Chevrolet Corvette C2 327/375 L84 Convertible

Car producer : 

Chevrolet

Model:

Corvette C2 327/375 L84 Convertible

Year:

1964-1965

Type:

Roadster



For 1964 Chevrolet made only evolutionary changes to the Corvette. Besides the coupe's backbone window, the two simulated air intakes were eliminated from the hood, though their indentations remained. Also, the decorative air-exhaust vent on the coupe's rear pillar was made functional, but only on the left side. The car's rocker-panel trim lost some of its ribs and gained black paint between those ribs that remained; wheel covers were simplified; and the fuel filler/deck emblem gained concentric circles around its crossed-flags insignia. Inside, the original color-keyed steering wheel rim was now done in simulated walnut.

A few suspension refinements were made for 1964. The front coil springs were changed from constant-rate to progressive or variable-rate and were more tightly wound at the top, while leaf thickness of the rear transverse spring was also altered thus providing a more comfortable ride with no sacrifice in handling. Shock absorbers were reworked toward the same end. The 1964 Corvette arrived with a new standard shock containing within its fluid reservoir a small bag of Freon gas that absorbed heat. Chevy added more sound insulation and revised body and transmission mounts for the 1964 Corvette. It also fitted additional bushings to quiet the shift linkage and placed a new boot around the lever. The result was a more livable car for everyday transportation.

Drivetrain choices remained basically as before but the high-performance pair received several noteworthy improvements. The solid-lifter unit was massaged with a high-lift, long-duration camshaft to produce 365hp and breathed through a big four-barrel Holley carburetor instead of the base engine's Carter unit. The fuel injected engine also gained 15 horsepower, bringing its total to 375, but at a then-hefty $538.00. Although transmission options remained ostensibly the same for 1964, the two Borg-Warner T-10 four-speeds gave way to a similar pair of gearboxes built at GM's Muncie, Indiana, transmission facility. Originally a Chevy design, it had an aluminum case like the Borg-Warner box but came with stronger synchronizers and wider ratios for better durability and drivability.

For its third season, the 1965 Corvette Stingray further cleaned up style-wise and was muscled up with the addition of an all-new braking system and larger powerplants. 1965 styling alterations were subtle, confined to a smoothed-out hood now devoid of scoop indentations, a trio of working vertical exhaust vents in the front fenders that replaced the previous nonfunctional horizontal "speedlines," restyled wheel covers and rocker-panel moldings, and minor interior trim revisions.
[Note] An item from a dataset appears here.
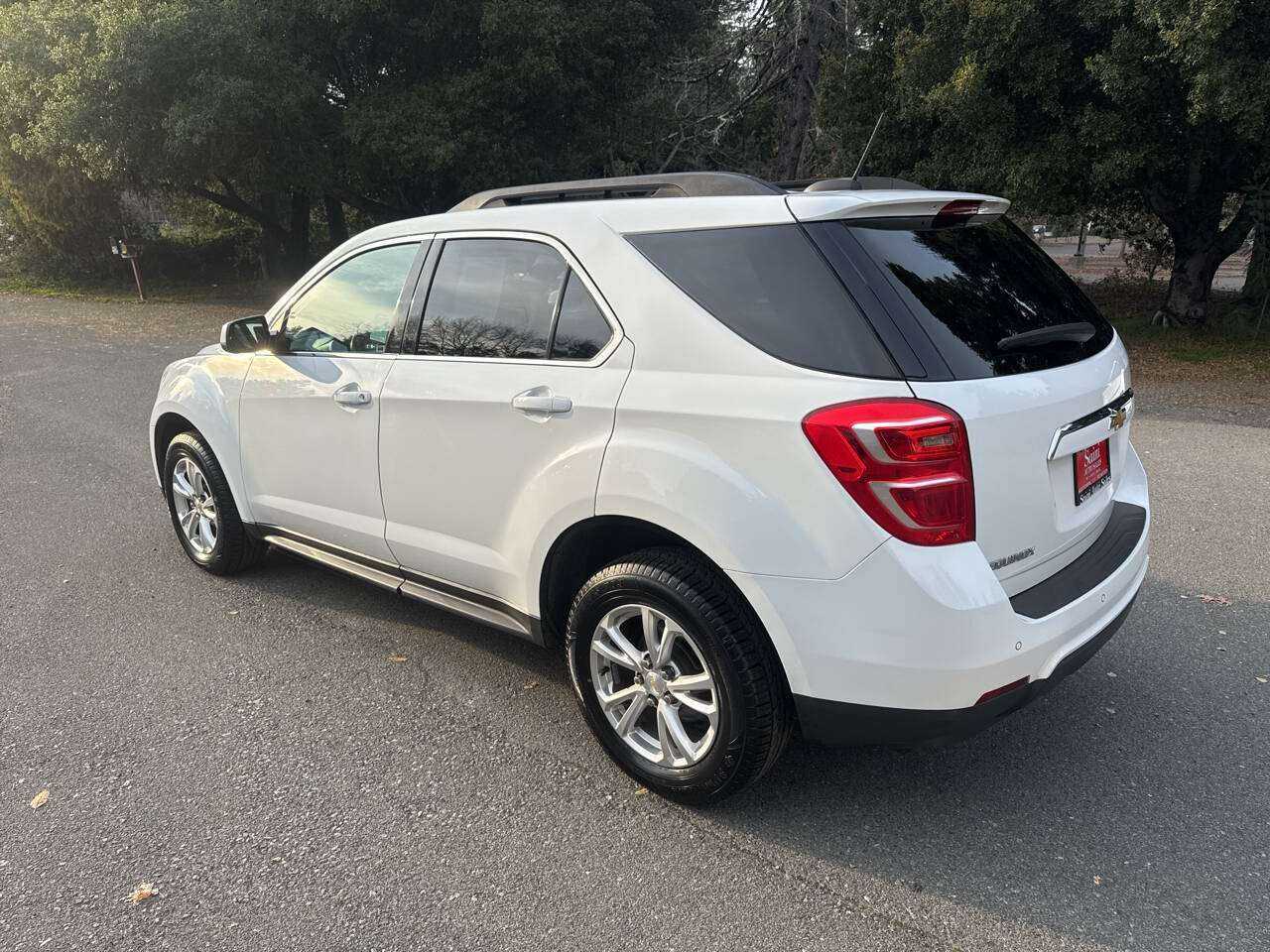 Chevrolet Equinox Image 4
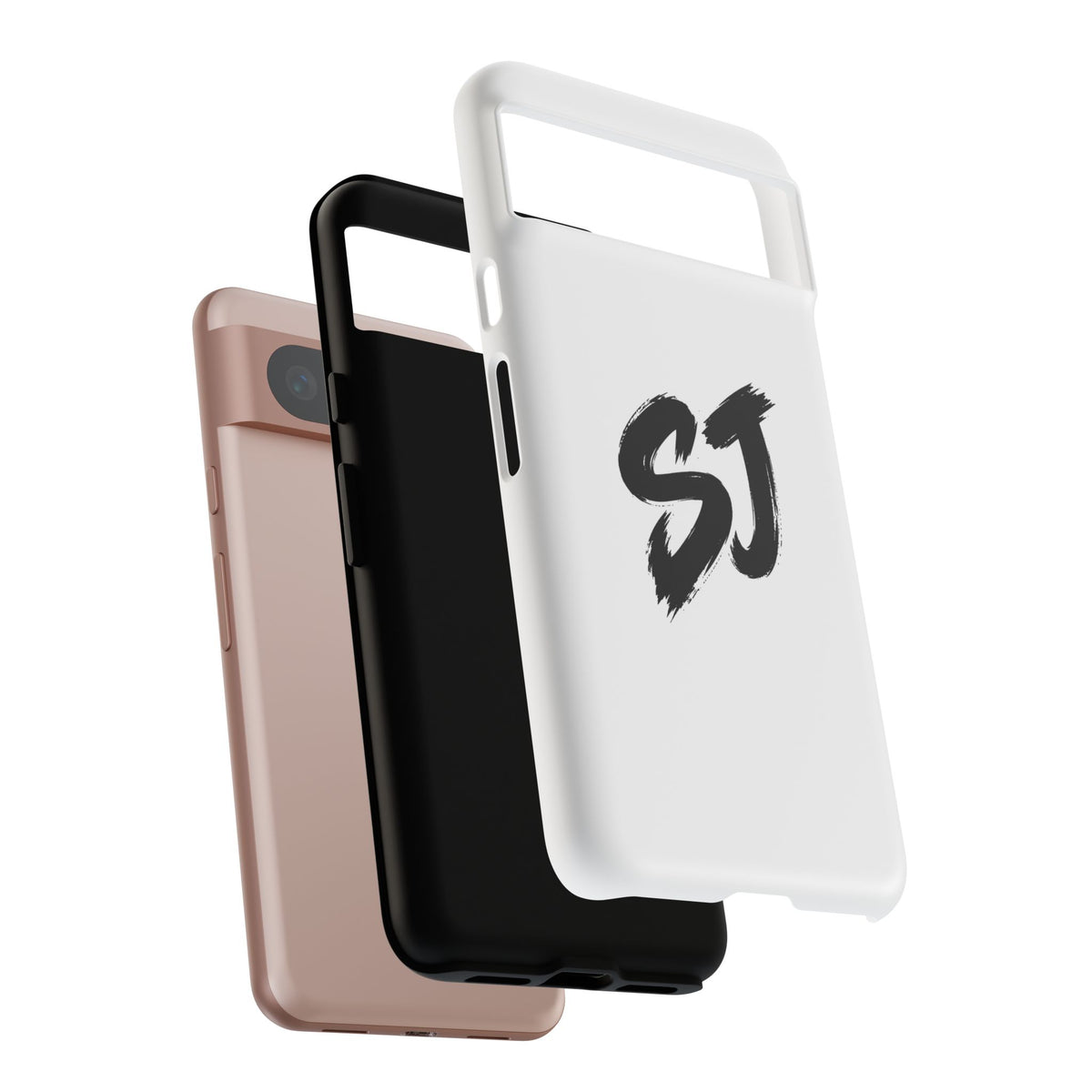 SJ Tough Phone Case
The 1965 Corvette Stingray became ferocious with the mid-year debut of a big-block V-8, the 425 hp (317 kW) 396 in³ (6.5 L) ("big block") V8. Ultimately, this spelled the end for the Rochester fuel injection system, as the carbureted 396/425 hp option cost $292.70 to the fuel injected 327/375 hp's $538.00. Few buyers could justify $245 more for 50 hp (37 kW) less, even if the FI cars offered optional bigger brakes not available on carburated models. After only 771 fuel injected cars were built in 1965, Chevrolet discontinued the option. It would be 18 years until it returned.

Four-wheel disc brakes were also introduced in 1965. The brakes had a four-piston design with two-piece calipers and cooling fins for the rotors. Pads were in constant contact with the rotors, but the resulting drag was negligible and didn't affect fuel economy. Further, the light touching kept the rotors clean and didn't diminish pad life, which was, in fact, quite high: a projected 57,000 miles for the front brakes and about twice that distance for the rear binders. Total swept area for the new system was 461 square inches, a notable advance on the 328 square inches of the previous all-drum system. Per pending federal regulation, there was also a dual master cylinder with separate fluid reservoirs for the front and rear lines. Road testers rightly applauded the all-disc brakes. A side exhaust system appeared as an option as did a telescopic steering wheel. Also available were alloy spinner rims, at US$322 a set.